If you send a self-addressed, stamped, business-size envelope to: Zagat Survey, 12618 Homewood Way, Los Angeles, California 90049, fill out the questionnaire they send you and return it by October 8, you'll get a free copy of The Zagat Los Angeles Marketplace Survey, with ratings of LA's best bakeries, caterers, cookware stores, ethnic markets, florists, takeout food emporiums, wine shops and more, all businesses that need your support. Restaurants are suffering too, so go out to eat.

In the mood for eating American? In Los Angeles that means going to restaurants where Indonesians are making first-rate tuna salad (Walter's), Japanese are doing doughnuts (Donut Man) or hot dogs (Oki Dog), Israelis are tweaking Indian curry (Taj) or Mexicans have a way with corned beef (Junior's, Brent's). As for the proverbial American apple pie, it comes in as many variations as our population:

  • Palomino's is a brick oven apple tart, drizzled with warm caramel sauce, made and served by folks from the America, Asia, Europe and South America.
  • At Maple Drive in Beverly Hills, the hot apple tart is memorable and the staff hails from El Salvador, Mexico, Poland, Hungary and Rumania.
  • At Pshaw's on Sunset Blvd, Phillip Shaw does fine French Soul Cuisine -- no apple pie, but a unique applesauce.
  • Wonyee Tom is pastry chef at downtown's Water Grill. Her family is from Canton and her apple tarts and Napoleons, made with Fuji apples, are from heaven. Tom's co-workers hail from Mexico, Guadalajara, El Salvador, Japan -- and North Carolina.
  • The owners of Linq are from St.-Tropez, the chef is from the Philippines, the sous-chef is Caribbean and the manager is Scotch/Irish. The apple pie? It's a French galette.

When the Pentagon was attacked, LA's Four Seasons pastry chef Donald Wressell, who works with Swedish Executive Chef Conny Anderson at the hotel, was in Washington, D.C., with Team U.S.A.

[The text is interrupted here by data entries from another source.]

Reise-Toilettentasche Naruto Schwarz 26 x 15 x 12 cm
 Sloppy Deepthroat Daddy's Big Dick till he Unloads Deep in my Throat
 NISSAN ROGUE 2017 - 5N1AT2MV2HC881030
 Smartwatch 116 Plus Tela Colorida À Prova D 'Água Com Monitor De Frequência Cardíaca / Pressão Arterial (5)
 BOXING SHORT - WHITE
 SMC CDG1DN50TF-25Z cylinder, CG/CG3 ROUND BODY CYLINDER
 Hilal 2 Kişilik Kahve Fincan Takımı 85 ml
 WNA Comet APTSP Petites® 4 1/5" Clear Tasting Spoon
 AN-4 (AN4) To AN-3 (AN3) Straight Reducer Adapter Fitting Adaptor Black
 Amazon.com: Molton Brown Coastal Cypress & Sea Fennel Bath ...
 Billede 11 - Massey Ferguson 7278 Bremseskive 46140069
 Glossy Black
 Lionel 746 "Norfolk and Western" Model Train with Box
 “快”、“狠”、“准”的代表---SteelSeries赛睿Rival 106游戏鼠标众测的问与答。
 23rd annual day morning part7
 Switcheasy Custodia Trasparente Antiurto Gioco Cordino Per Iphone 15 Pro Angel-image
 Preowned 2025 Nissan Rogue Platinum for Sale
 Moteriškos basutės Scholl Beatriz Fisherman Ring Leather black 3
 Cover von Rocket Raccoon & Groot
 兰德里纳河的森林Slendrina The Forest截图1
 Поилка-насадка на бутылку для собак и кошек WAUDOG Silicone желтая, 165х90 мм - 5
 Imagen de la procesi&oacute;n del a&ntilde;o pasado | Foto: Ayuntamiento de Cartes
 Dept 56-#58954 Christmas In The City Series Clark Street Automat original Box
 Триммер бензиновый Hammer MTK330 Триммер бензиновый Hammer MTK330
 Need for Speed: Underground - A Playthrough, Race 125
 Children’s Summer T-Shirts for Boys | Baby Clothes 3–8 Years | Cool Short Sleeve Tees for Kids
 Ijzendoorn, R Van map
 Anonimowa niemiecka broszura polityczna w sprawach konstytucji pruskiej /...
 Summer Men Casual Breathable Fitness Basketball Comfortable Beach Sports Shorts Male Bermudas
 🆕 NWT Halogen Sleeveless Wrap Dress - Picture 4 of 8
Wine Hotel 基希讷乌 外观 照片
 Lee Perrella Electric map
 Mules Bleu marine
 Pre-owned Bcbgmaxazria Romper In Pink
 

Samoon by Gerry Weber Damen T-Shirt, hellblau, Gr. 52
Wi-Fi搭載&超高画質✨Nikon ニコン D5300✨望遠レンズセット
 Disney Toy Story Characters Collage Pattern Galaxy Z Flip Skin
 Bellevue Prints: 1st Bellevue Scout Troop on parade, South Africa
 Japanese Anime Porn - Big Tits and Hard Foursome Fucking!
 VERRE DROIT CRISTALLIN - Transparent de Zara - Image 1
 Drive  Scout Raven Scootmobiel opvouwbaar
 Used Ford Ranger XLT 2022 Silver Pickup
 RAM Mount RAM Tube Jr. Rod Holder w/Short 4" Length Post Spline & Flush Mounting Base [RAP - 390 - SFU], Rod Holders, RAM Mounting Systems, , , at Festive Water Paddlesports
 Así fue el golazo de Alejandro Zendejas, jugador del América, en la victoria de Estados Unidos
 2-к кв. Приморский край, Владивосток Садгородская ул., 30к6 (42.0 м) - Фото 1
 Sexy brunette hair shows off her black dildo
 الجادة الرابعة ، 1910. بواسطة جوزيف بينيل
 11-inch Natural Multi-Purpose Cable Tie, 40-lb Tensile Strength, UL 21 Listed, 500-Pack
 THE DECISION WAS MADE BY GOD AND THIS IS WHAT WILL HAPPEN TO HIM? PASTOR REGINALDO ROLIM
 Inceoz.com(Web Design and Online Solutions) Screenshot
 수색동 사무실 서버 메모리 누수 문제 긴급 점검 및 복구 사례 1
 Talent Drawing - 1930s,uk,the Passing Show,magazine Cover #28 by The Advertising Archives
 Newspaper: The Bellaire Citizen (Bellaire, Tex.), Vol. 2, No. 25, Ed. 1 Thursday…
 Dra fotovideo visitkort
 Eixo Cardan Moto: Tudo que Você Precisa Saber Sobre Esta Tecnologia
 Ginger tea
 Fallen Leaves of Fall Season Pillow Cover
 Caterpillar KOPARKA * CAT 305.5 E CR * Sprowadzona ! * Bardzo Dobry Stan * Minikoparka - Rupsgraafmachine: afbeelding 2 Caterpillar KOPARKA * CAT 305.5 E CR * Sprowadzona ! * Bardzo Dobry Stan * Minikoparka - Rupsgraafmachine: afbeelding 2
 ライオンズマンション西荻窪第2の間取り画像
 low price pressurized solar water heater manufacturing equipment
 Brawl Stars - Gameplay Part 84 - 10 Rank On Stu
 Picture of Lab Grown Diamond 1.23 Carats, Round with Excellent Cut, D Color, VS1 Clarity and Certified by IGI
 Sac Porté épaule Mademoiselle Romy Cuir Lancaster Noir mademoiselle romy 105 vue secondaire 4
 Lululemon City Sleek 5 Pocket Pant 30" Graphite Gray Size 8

Fresh from the World Pastry Cup competition in Lyon, France, they were scheduled to be honored at an evening reception followed by a next-day meeting with President Bush to celebrate the U.S.A's first Gold Medal win in the competition.

The members of the team are Chinese-American En-Ming Hsu (Ritz-Carlton Chicago); Michel Willaume, from France (Ritz-Carlton SFO); and Ewald Notter, a Swiss culinary instructor in Maryland.

They are just a microcosm of the cultural diversity that is standard in the food industry, and their win is a small reminder that we must prevail over those who want to destroy us.

And we will. I still haven't unpacked my bags.